In the well-publicised case of Barton v Wright Hassall LLP [2018] UKSC 12, Lord Sumption, with whom Lord Wilson and Lord Carnwarth agreed (Lady Hale and Lord Briggs dissenting), stated:

“The rules provide a framework within which to balance the interest of both sides. That balance is inevitably disturbed if an unrepresented litigant is entitled to greater indulgence in complying with them than his represented opponent. Any advantage enjoyed by a litigant in person imposes a corresponding disadvantage on the other side, which may be significant if it affects the latter’s legal rights, under the Limitation Acts for example.

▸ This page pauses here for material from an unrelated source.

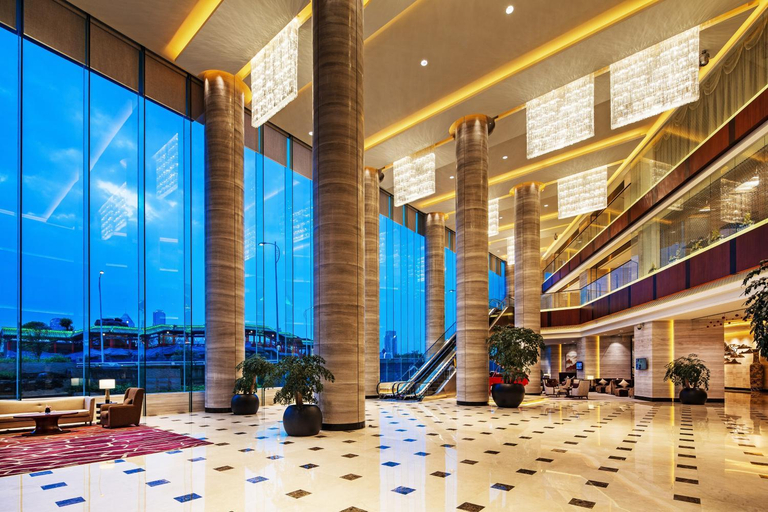 Public Area 4, Swiss Grand Nanchang, Nanchang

Unless the rules and practice directions are particularly inaccessible or obscure, it is reasonable to expect a litigant in person to familiarise himself with the rules which apply to any step which he is about to take.”

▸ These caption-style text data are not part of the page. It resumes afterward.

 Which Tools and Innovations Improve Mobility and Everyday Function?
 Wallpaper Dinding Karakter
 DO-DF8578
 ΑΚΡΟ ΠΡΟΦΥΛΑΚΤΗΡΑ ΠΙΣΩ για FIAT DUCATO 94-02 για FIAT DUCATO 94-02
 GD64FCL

This was interpreted by many to mean that there was effectively a level playing field between litigants in person and represented parties, however a recent Court of Appeal decision suggests that the issue in question may be slightly more nuanced than initially assumed.

Case Law

In J v K and another (Equality and Human Rights Commission intervening) [2019] EWCA Civ 5 the Appellant had brought proceedings against the Respondent in the Employment Tribunal, such claim having been struck out on the 16th March 2016. Following the Respondent’s application for costs, a judgment and written reasons was sent to the parties on the 19th August 2016 ordering the Appellant to pay the Respondent’s costs in the sum of £20,000.

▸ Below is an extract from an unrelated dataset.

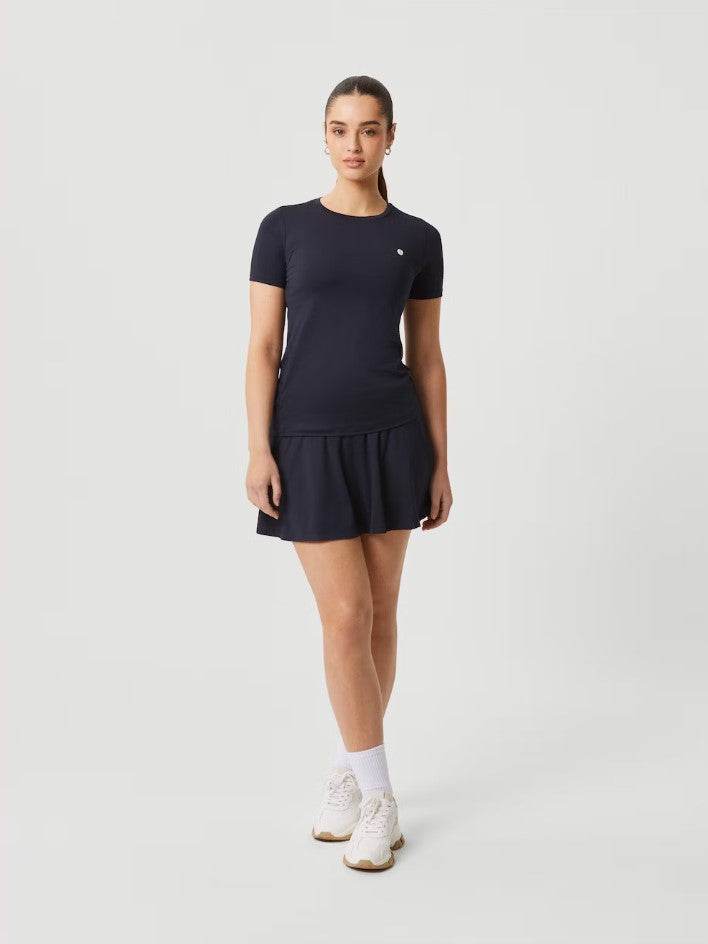 Rokken navy Björn Borg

The Appellant wished to appeal and pursuant to the Employment Appeal Tribunal Rules of Procedure 1993 the deadline for doing so was 4pm 42 days after the reasons were sent, which in this case meant the deadline was 4pm on the 30th September 2016. Five minutes before that deadline, at 3.55pm, the Appellant sent his notice of appeal and related documents to the EAT via email, however due to the size of the attachment the email failed. He then re-sent the documents by way of smaller emails, and they were received by the EAT at around 5pm, thus after the deadline.

The Appellant was therefore notified that he had to apply for an extension, which he did. The application was refused on the papers by the Registrar. The Appellant subsequently appealed and following an oral hearing HHJ Hand QC dismissed the appeal.

Thereafter the Appellant appealed to the Court of Appeal where the issue at hand, was whether the Appellant should be expected to know about the limit of the EAT’s email server. The issue of the server’s limit is addressed in an HMCTS guide on its website entitled ‘I want to appeal to the Employment Appeal Tribunal (T440),’ which states:

“If you use email, the size of any one email, including attachments, should not exceed 10MB. If you attach scanned documents you should check that they do not exceed that size. If they do, you may need to rescan them at lower quality and/or send them in more than one email.”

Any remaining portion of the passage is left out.